(Web page caption snippets)
============

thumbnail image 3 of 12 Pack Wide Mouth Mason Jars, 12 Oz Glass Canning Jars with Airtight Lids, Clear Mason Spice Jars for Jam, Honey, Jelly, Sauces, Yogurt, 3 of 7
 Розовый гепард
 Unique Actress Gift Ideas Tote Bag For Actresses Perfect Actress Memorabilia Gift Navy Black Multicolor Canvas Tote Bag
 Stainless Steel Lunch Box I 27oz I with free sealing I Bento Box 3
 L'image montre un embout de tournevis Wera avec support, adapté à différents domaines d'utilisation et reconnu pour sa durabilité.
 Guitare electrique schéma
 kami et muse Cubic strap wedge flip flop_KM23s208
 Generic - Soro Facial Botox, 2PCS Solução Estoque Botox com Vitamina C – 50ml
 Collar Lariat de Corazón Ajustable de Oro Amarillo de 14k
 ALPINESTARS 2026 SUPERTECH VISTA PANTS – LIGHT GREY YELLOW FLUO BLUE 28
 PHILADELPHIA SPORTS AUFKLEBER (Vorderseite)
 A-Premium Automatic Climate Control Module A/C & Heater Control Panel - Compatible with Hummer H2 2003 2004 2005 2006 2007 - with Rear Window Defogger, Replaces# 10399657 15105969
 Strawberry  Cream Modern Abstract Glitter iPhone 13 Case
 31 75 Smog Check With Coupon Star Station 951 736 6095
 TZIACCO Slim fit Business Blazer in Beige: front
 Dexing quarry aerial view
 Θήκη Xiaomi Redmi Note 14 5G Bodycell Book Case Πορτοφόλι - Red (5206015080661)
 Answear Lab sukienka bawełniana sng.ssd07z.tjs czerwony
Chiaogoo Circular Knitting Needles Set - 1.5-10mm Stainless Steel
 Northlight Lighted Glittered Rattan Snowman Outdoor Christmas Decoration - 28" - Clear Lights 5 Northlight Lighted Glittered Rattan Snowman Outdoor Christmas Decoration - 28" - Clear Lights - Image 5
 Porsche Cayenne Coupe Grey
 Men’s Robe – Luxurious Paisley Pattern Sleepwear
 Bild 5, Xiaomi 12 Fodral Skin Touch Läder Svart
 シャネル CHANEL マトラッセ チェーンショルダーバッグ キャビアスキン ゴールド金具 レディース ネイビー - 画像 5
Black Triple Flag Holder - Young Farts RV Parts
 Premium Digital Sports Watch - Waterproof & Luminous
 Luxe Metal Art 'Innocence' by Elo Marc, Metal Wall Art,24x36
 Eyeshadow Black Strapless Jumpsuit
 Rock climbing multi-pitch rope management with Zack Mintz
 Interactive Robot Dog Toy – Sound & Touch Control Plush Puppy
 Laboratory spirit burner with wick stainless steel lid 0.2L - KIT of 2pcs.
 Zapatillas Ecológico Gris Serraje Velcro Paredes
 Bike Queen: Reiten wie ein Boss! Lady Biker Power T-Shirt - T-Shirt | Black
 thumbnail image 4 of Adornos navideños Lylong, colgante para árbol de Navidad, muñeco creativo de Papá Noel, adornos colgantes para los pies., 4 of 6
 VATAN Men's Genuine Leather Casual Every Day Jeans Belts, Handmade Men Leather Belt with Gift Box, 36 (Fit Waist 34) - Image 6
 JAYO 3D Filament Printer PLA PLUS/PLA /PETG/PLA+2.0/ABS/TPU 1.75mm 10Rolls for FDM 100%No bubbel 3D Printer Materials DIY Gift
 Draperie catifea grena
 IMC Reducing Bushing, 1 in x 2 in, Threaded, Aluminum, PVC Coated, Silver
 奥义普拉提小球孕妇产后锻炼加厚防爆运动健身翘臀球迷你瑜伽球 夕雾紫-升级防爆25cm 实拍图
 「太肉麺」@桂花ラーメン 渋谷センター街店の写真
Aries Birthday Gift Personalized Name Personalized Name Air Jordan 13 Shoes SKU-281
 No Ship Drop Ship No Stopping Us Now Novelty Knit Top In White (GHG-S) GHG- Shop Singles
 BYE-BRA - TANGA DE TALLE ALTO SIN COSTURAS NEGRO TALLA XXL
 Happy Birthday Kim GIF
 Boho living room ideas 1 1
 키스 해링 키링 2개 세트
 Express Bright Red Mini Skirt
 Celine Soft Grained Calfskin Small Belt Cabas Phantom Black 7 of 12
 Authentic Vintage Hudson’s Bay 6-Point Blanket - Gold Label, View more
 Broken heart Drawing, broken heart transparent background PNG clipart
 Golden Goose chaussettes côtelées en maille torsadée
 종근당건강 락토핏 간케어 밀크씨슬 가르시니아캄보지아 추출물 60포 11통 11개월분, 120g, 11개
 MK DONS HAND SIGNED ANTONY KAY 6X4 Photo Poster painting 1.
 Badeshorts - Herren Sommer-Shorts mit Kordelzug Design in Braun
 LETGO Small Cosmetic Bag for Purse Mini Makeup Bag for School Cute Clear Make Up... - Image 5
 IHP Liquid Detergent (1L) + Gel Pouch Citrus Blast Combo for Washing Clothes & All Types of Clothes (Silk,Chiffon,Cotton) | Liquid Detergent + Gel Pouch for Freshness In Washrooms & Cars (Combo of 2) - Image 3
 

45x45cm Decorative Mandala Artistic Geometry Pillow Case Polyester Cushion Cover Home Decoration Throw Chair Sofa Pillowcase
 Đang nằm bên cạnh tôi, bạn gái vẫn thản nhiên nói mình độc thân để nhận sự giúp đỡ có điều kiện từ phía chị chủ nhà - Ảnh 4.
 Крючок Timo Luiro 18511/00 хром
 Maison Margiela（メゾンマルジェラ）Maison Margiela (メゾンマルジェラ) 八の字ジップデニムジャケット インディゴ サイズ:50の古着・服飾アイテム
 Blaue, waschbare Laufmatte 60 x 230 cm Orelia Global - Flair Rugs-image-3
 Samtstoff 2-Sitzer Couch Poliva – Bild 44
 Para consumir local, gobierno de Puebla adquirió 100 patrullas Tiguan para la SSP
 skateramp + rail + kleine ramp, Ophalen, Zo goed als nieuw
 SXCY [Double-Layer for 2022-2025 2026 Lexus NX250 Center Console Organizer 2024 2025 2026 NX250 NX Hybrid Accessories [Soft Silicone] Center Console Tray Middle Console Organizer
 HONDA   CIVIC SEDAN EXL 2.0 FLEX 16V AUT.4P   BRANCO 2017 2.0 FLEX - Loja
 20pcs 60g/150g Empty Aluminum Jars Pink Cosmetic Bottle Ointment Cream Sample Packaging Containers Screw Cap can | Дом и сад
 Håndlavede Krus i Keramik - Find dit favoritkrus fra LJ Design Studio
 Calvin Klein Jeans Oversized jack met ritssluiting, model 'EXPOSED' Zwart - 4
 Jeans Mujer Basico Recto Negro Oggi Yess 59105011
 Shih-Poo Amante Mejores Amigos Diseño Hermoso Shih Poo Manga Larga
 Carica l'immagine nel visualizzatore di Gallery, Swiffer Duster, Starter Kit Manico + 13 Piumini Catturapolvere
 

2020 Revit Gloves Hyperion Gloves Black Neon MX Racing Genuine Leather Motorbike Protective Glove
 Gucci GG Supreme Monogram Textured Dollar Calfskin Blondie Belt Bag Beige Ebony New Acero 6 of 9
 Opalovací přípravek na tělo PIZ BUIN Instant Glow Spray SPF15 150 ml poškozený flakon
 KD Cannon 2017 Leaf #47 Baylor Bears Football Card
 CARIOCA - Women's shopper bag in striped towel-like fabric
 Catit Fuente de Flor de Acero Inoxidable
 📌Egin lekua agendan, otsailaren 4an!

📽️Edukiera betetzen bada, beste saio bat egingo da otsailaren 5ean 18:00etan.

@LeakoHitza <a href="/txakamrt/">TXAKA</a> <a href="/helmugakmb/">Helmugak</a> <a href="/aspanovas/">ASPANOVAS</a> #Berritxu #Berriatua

============

◆ **What this task involves**:
Write the entries above out again, verbatim.

◆ **Written solution**:
thumbnail image 3 of 12 Pack Wide Mouth Mason Jars, 12 Oz Glass Canning Jars with Airtight Lids, Clear Mason Spice Jars for Jam, Honey, Jelly, Sauces, Yogurt, 3 of 7
 Розовый гепард
 Unique Actress Gift Ideas Tote Bag For Actresses Perfect Actress Memorabilia Gift Navy Black Multicolor Canvas Tote Bag
 Stainless Steel Lunch Box I 27oz I with free sealing I Bento Box 3
 L'image montre un embout de tournevis Wera avec support, adapté à différents domaines d'utilisation et reconnu pour sa durabilité.
 Guitare electrique schéma
 kami et muse Cubic strap wedge flip flop_KM23s208
 Generic - Soro Facial Botox, 2PCS Solução Estoque Botox com Vitamina C – 50ml
 Collar Lariat de Corazón Ajustable de Oro Amarillo de 14k
 ALPINESTARS 2026 SUPERTECH VISTA PANTS – LIGHT GREY YELLOW FLUO BLUE 28
 PHILADELPHIA SPORTS AUFKLEBER (Vorderseite)
 A-Premium Automatic Climate Control Module A/C & Heater Control Panel - Compatible with Hummer H2 2003 2004 2005 2006 2007 - with Rear Window Defogger, Replaces# 10399657 15105969
 Strawberry  Cream Modern Abstract Glitter iPhone 13 Case
 31 75 Smog Check With Coupon Star Station 951 736 6095
 TZIACCO Slim fit Business Blazer in Beige: front
 Dexing quarry aerial view
 Θήκη Xiaomi Redmi Note 14 5G Bodycell Book Case Πορτοφόλι - Red (5206015080661)
 Answear Lab sukienka bawełniana sng.ssd07z.tjs czerwony
Chiaogoo Circular Knitting Needles Set - 1.5-10mm Stainless Steel
 Northlight Lighted Glittered Rattan Snowman Outdoor Christmas Decoration - 28" - Clear Lights 5 Northlight Lighted Glittered Rattan Snowman Outdoor Christmas Decoration - 28" - Clear Lights - Image 5
 Porsche Cayenne Coupe Grey
 Men’s Robe – Luxurious Paisley Pattern Sleepwear
 Bild 5, Xiaomi 12 Fodral Skin Touch Läder Svart
 シャネル CHANEL マトラッセ チェーンショルダーバッグ キャビアスキン ゴールド金具 レディース ネイビー - 画像 5
Black Triple Flag Holder - Young Farts RV Parts
 Premium Digital Sports Watch - Waterproof & Luminous
 Luxe Metal Art 'Innocence' by Elo Marc, Metal Wall Art,24x36
 Eyeshadow Black Strapless Jumpsuit
 Rock climbing multi-pitch rope management with Zack Mintz
 Interactive Robot Dog Toy – Sound & Touch Control Plush Puppy
 Laboratory spirit burner with wick stainless steel lid 0.2L - KIT of 2pcs.
 Zapatillas Ecológico Gris Serraje Velcro Paredes
 Bike Queen: Reiten wie ein Boss! Lady Biker Power T-Shirt - T-Shirt | Black
 thumbnail image 4 of Adornos navideños Lylong, colgante para árbol de Navidad, muñeco creativo de Papá Noel, adornos colgantes para los pies., 4 of 6
 VATAN Men's Genuine Leather Casual Every Day Jeans Belts, Handmade Men Leather Belt with Gift Box, 36 (Fit Waist 34) - Image 6
 JAYO 3D Filament Printer PLA PLUS/PLA /PETG/PLA+2.0/ABS/TPU 1.75mm 10Rolls for FDM 100%No bubbel 3D Printer Materials DIY Gift
 Draperie catifea grena
 IMC Reducing Bushing, 1 in x 2 in, Threaded, Aluminum, PVC Coated, Silver
 奥义普拉提小球孕妇产后锻炼加厚防爆运动健身翘臀球迷你瑜伽球 夕雾紫-升级防爆25cm 实拍图
 「太肉麺」@桂花ラーメン 渋谷センター街店の写真
Aries Birthday Gift Personalized Name Personalized Name Air Jordan 13 Shoes SKU-281
 No Ship Drop Ship No Stopping Us Now Novelty Knit Top In White (GHG-S) GHG- Shop Singles
 BYE-BRA - TANGA DE TALLE ALTO SIN COSTURAS NEGRO TALLA XXL
 Happy Birthday Kim GIF
 Boho living room ideas 1 1
 키스 해링 키링 2개 세트
 Express Bright Red Mini Skirt
 Celine Soft Grained Calfskin Small Belt Cabas Phantom Black 7 of 12
 Authentic Vintage Hudson’s Bay 6-Point Blanket - Gold Label, View more
 Broken heart Drawing, broken heart transparent background PNG clipart
 Golden Goose chaussettes côtelées en maille torsadée
 종근당건강 락토핏 간케어 밀크씨슬 가르시니아캄보지아 추출물 60포 11통 11개월분, 120g, 11개
 MK DONS HAND SIGNED ANTONY KAY 6X4 Photo Poster painting 1.
 Badeshorts - Herren Sommer-Shorts mit Kordelzug Design in Braun
 LETGO Small Cosmetic Bag for Purse Mini Makeup Bag for School Cute Clear Make Up... - Image 5
 IHP Liquid Detergent (1L) + Gel Pouch Citrus Blast Combo for Washing Clothes & All Types of Clothes (Silk,Chiffon,Cotton) | Liquid Detergent + Gel Pouch for Freshness In Washrooms & Cars (Combo of 2) - Image 3
 

45x45cm Decorative Mandala Artistic Geometry Pillow Case Polyester Cushion Cover Home Decoration Throw Chair Sofa Pillowcase
 Đang nằm bên cạnh tôi, bạn gái vẫn thản nhiên nói mình độc thân để nhận sự giúp đỡ có điều kiện từ phía chị chủ nhà - Ảnh 4.
 Крючок Timo Luiro 18511/00 хром
 Maison Margiela（メゾンマルジェラ）Maison Margiela (メゾンマルジェラ) 八の字ジップデニムジャケット インディゴ サイズ:50の古着・服飾アイテム
 Blaue, waschbare Laufmatte 60 x 230 cm Orelia Global - Flair Rugs-image-3
 Samtstoff 2-Sitzer Couch Poliva – Bild 44
 Para consumir local, gobierno de Puebla adquirió 100 patrullas Tiguan para la SSP
 skateramp + rail + kleine ramp, Ophalen, Zo goed als nieuw
 SXCY [Double-Layer for 2022-2025 2026 Lexus NX250 Center Console Organizer 2024 2025 2026 NX250 NX Hybrid Accessories [Soft Silicone] Center Console Tray Middle Console Organizer
 HONDA   CIVIC SEDAN EXL 2.0 FLEX 16V AUT.4P   BRANCO 2017 2.0 FLEX - Loja
 20pcs 60g/150g Empty Aluminum Jars Pink Cosmetic Bottle Ointment Cream Sample Packaging Containers Screw Cap can | Дом и сад
 Håndlavede Krus i Keramik - Find dit favoritkrus fra LJ Design Studio
 Calvin Klein Jeans Oversized jack met ritssluiting, model 'EXPOSED' Zwart - 4
 Jeans Mujer Basico Recto Negro Oggi Yess 59105011
 Shih-Poo Amante Mejores Amigos Diseño Hermoso Shih Poo Manga Larga
 Carica l'immagine nel visualizzatore di Gallery, Swiffer Duster, Starter Kit Manico + 13 Piumini Catturapolvere
 

2020 Revit Gloves Hyperion Gloves Black Neon MX Racing Genuine Leather Motorbike Protective Glove
 Gucci GG Supreme Monogram Textured Dollar Calfskin Blondie Belt Bag Beige Ebony New Acero 6 of 9
 Opalovací přípravek na tělo PIZ BUIN Instant Glow Spray SPF15 150 ml poškozený flakon
 KD Cannon 2017 Leaf #47 Baylor Bears Football Card
 CARIOCA - Women's shopper bag in striped towel-like fabric
 Catit Fuente de Flor de Acero Inoxidable
 📌Egin lekua agendan, otsailaren 4an!

📽️Edukiera betetzen bada, beste saio bat egingo da otsailaren 5ean 18:00etan.

@LeakoHitza <a href="/txakamrt/">TXAKA</a> <a href="/helmugakmb/">Helmugak</a> <a href="/aspanovas/">ASPANOVAS</a> #Berritxu #Berriatua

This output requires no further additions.